This blog was contributed by Dr Carol Brennan, Teaching Fellow for Undergraduate Laws.
The Tate Modern, on the south bank of the Thames in London, is one of the most popular tourist attractions in the UK. Situated in a huge converted power station, it opened in 2000 and displays an international collection of contemporary art. In 2011, a ten-story extension to the museum was begun: originally the Switch House and later renamed the Blavatnik Building after a key donor, it opened in 2016 and one of its highlights was a ‘viewing gallery’, offering a stunning 360-degree aspect of the London skyline. Those enjoying the views, perhaps with a coffee or glass of wine, can also gaze straight into the homes belonging to residents of the adjacent luxury apartment building: NEO Bankside, also begin in 2011 and completed in 2012. These multi-million pound flats feature floor-to-ceiling glass walls, stunning architectural designs which afford Tate visitors unimpeded visual access into the interiors of the living spaces.
There are an estimated 600,000 visitors to the Tate viewing gallery per year and one claimant counted 84 people looking and taking, photos in a 90- minute period, with some photos being posted on social media. They reported waving and even obscene gestures. In response to complaints the Tate had significantly reduced the opening hours of their viewing gallery and installed security guards, along with signs reading: ‘please respect our neighbours’ privacy’. As controversy deepened, the then Director of the Tate Nicholas Serota, had suggested that Blavatnik residents could install net curtains – a solution which was not popular with those whose aspirations were for more 21st century interior décor!

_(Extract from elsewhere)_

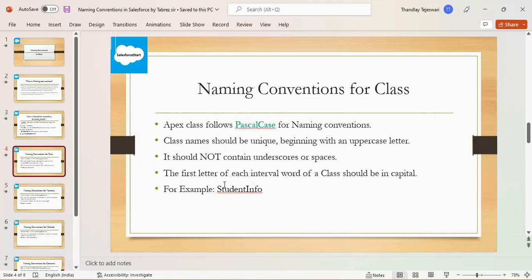In this example, the student information should be in capital letters. But we didn't give the underscore or any spaces because it won't work in this Pascal case naming convention for class.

The law became involved when the owners of four of the flats launched actions in nuisance and breach of privacy, seeking an injunction compelling the Tate to take steps preventing what they described as ‘relentless’ intrusions. Astute students of the law of nuisance should already be spotting a range of issues which could, and did, arise in the case. They include: reasonable use, locality, special sensitivity, planning permission, malice, and mitigation of loss. Then add to this the question of what constitutes a public body for the purposes of the Human Rights Act 1998 and protection of privacy under art 8 ECHR and you will see why Fearn v The Board of Trustees of the Tate Gallery ([2019] EWHC 246 Ch), despite being a first instance decision, should engage your imagination.
The purpose of this blog is to tempt you further to investigate the case, rather than to provide a detailed account. Suffice to say, having visited the site (declaring the view from the Blavanik ‘rather splendid … ‘) and conducted a thorough analysis of the issues, Mr Justice Mann concluded in favour of the artistic defendants. Citing the need for give and take in modern society he observed, ‘In an inner city urban environment with a considerable amount of tourist activity, an occupant can expect less privacy than perhaps a rural occupant might.’ (remember Bermondsey and Belgravia?) More particularly, the claimants had, in choosing architecturally adventurous homes, voluntarily ‘submitted themselves to circumstances of increased sensitivity’, with parallels being drawn to Robinson v Kilvert.
The most notable aspect of Fearn is the judge’s conclusion that, ‘in an appropriate case’ breach of privacy can constitute private nuisance. This departs from strong (but never unanimous) judicial and academic opinion that some sort of physical emanation (noise, smell, vibration) from the defendant’s land is required. Should this stand, it raises all kinds of tantalizing prospects for the development of the common law.
The claimants are considering an appeal. Having read the judgment in Fearn, how would decide such an appeal? A real (or virtual) visit to the Tate Modern, might help you decide.